My tendency as both an expat and now as a former expat has been to blame those people and situations and circumstances for not understanding, for not being supportive, for not providing the help and love and compassion I needed. My tendency has been to look outside of myself for consolation, for validation, for truth, for reassurance, to escape an unfathomable amount of insecurity. But this journey I’ve been on the past year, this journey was a solo journey, it was a trip for one. The lessons were for me to grasp and learn and internalize and grow from — alone.
I returned from that trip from NYC renewed. My alone time since then has had a different flavor. I’ve started teaching English again for a small language academy in Virginia, four times a week. I’ve made a few new friends. I joined a writing critique group. I got a Washington, DC library card. I spend less and less time feeling sorry for myself and stuck in the throes of sadness. And although I still have many questions, many wonders, many doubts, many fears, although my life still feels like it is in limbo and rife with chaos and uncertainty, I’m finding it easier, day-by-day, moment-by-moment to attempt detaching from any outcomes, to surrendering to the Universe and the Spirit.

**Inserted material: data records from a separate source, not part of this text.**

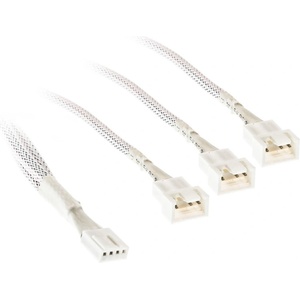 Kolink Кабел Kolink PWM 1-3 Сплитер, 350 мм, Оплетен, Бял - ZUAD-1632 (ZUAD-1632)
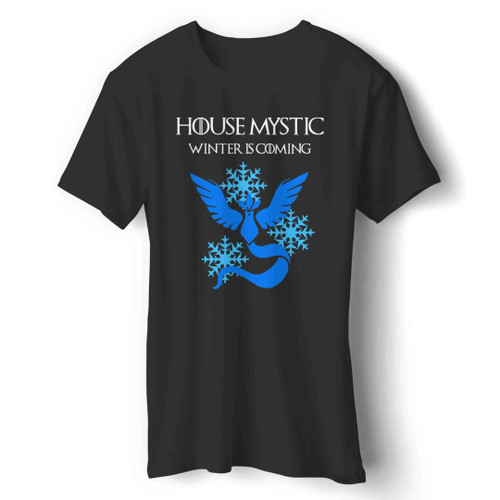 Pokemon Go House Mystic Winter is Coming Game of Thrones Team Mystic Man's T-Shirt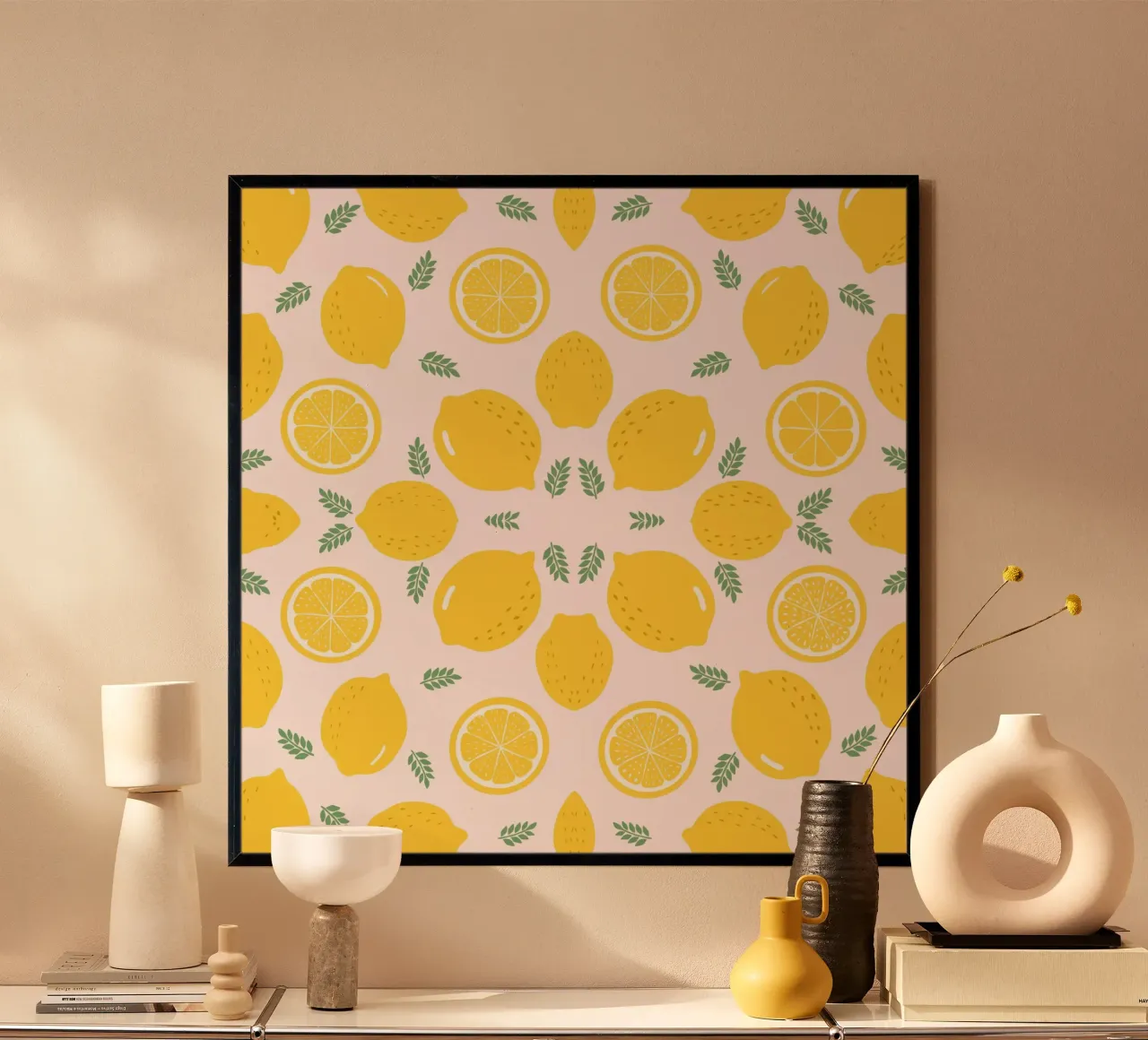 Limoni poster con telaio in alluminio da Kiroiharu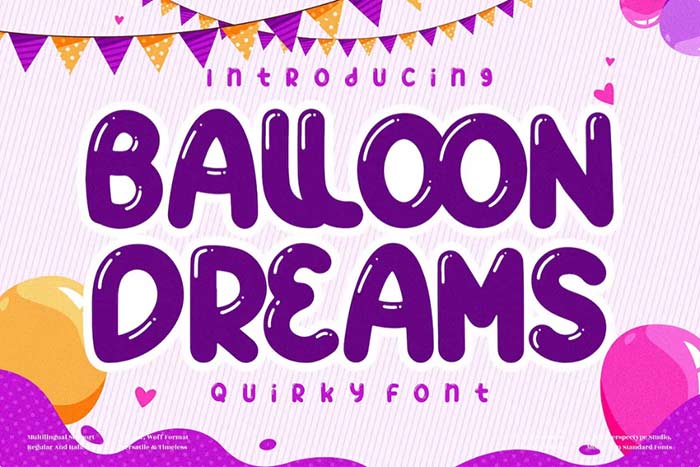 balloon font photoshop download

I’m finding trust and peace and unbridled hope to be more and more to be a logical intention to steadily make.
I know there are miracles left to be unfolded here, right where I am, and I know, now, that these miracles could only be imparted to me in the space where I’m resting in my solitude.
No more fighting the focus on me, my life, my spirit, my spiritual work, my spiritual practice, I’m being called to, here, in this moment, any more.